- _PROBLEM REQUIREMENTS_
Once you reach the line with "In this video we're going", transcribe it and every line after it to the end of the records, exactly, but not the pictures.

******************************

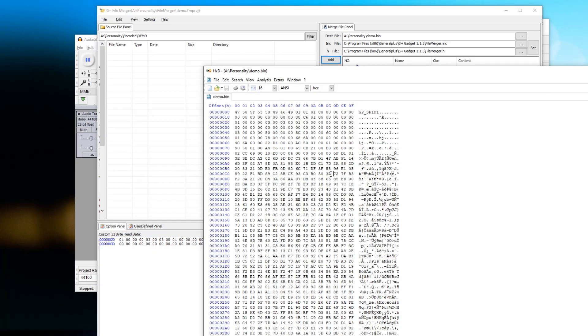This is ready to be burned to a personality chip. So that's my process, that's what I'm doing, that's how I'm creating these personality chips. It's just a matter of burning them to a chip, putting it on a PCB, sticking it in the droid, and magic happens.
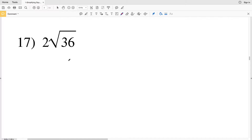In this video we're continuing on with the Infinite Geometry CUDA software free worksheet on simplifying square roots. Remember, the key to simplifying square roots is to find that perfect square that's a multiple of the number within the square root. If that seems confusing, go back to the previous videos for a more in-depth explanation, and if you're still confused please feel free to comment below. Let's start with number 17.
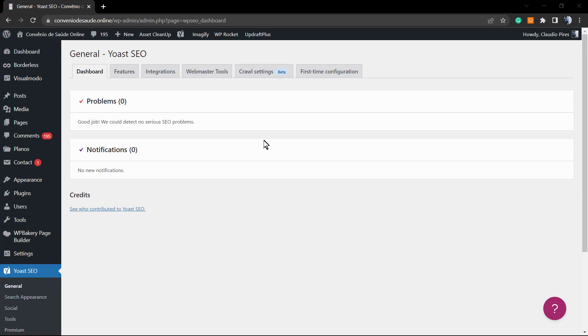What's up guys, here's Claudio from Visual Mode WordPress themes. In today's video, we're going to learn how to use the internal link suggestions from Yoast SEO plugin in its premium version. At this point, we already have installed our free WordPress plugins, set it up, and used it to optimize our posts.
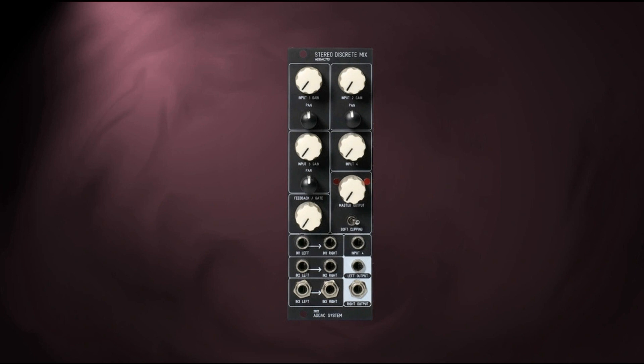Functionally, the new 713 Stereo Discrete Mixer delivers both functionality and a healthy dose of sonic grit. All four gain controls can be driven to extreme levels, and the first three channels also feature pan controls.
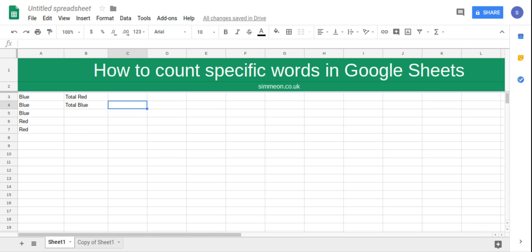In this video we're going to take a look at how to count specific words in Google Sheets. So we have a column that has colors and we want to know the totals for blue and the totals for red.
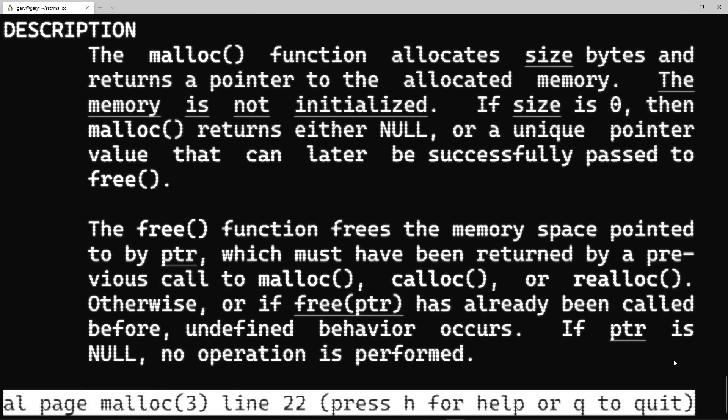In a C program, if you need to ask the operating system for some memory dynamically — let's say you're loading up an image file and you don't know how big it's going to be when you write the program — at some point you find out the size of the file and say, 'Hey OS, Linux, Windows, whatever, please give me three megabytes of memory so I can load in this image file.' To do that you need to allocate memory dynamically. malloc is the function that does that.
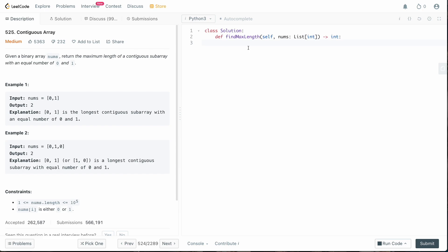We are in the code editor. We need a dictionary to keep track of our counts, so we'll say seen_at equals an empty dictionary. We need to initialize it with seen_at[0] = -1, because our count starts at zero. We can't say count is zero at the zeroth index, because at the zeroth index there could be a one or a zero, making it plus one or minus one. We set it to minus one so the math works out — for example, if the first two values are balanced, when we see zero count becomes minus one, then we see one so count becomes zero, and one minus negative one equals two, which is the correct length.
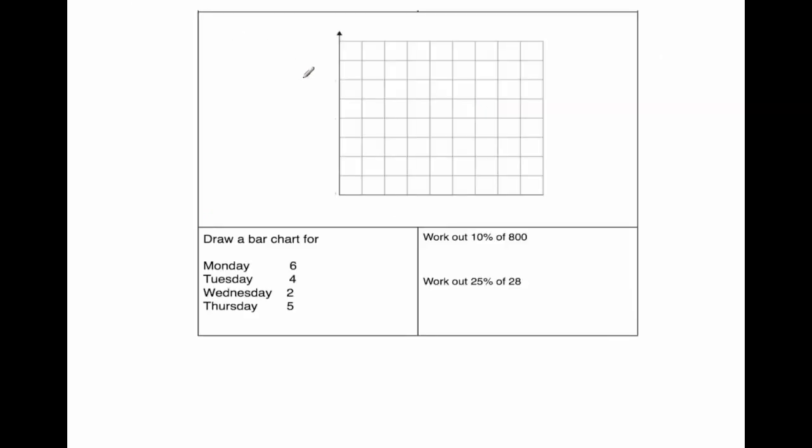Okay, our next question. Our next question is a bar chart question. So here we've got our grid, and we've been asked to draw a bar chart for this information or this data. So we've got our data. We have got the days: Monday, Tuesday, Wednesday, Thursday.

******************************

- _RESPONSE_
In this video we're going to take a look at how to count specific words in Google Sheets. So we have a column that has colors and we want to know the totals for blue and the totals for red.
In a C program, if you need to ask the operating system for some memory dynamically — let's say you're loading up an image file and you don't know how big it's going to be when you write the program — at some point you find out the size of the file and say, 'Hey OS, Linux, Windows, whatever, please give me three megabytes of memory so I can load in this image file.' To do that you need to allocate memory dynamically. malloc is the function that does that.
We are in the code editor. We need a dictionary to keep track of our counts, so we'll say seen_at equals an empty dictionary. We need to initialize it with seen_at[0] = -1, because our count starts at zero. We can't say count is zero at the zeroth index, because at the zeroth index there could be a one or a zero, making it plus one or minus one. We set it to minus one so the math works out — for example, if the first two values are balanced, when we see zero count becomes minus one, then we see one so count becomes zero, and one minus negative one equals two, which is the correct length.
Okay, our next question. Our next question is a bar chart question. So here we've got our grid, and we've been asked to draw a bar chart for this information or this data. So we've got our data. We have got the days: Monday, Tuesday, Wednesday, Thursday.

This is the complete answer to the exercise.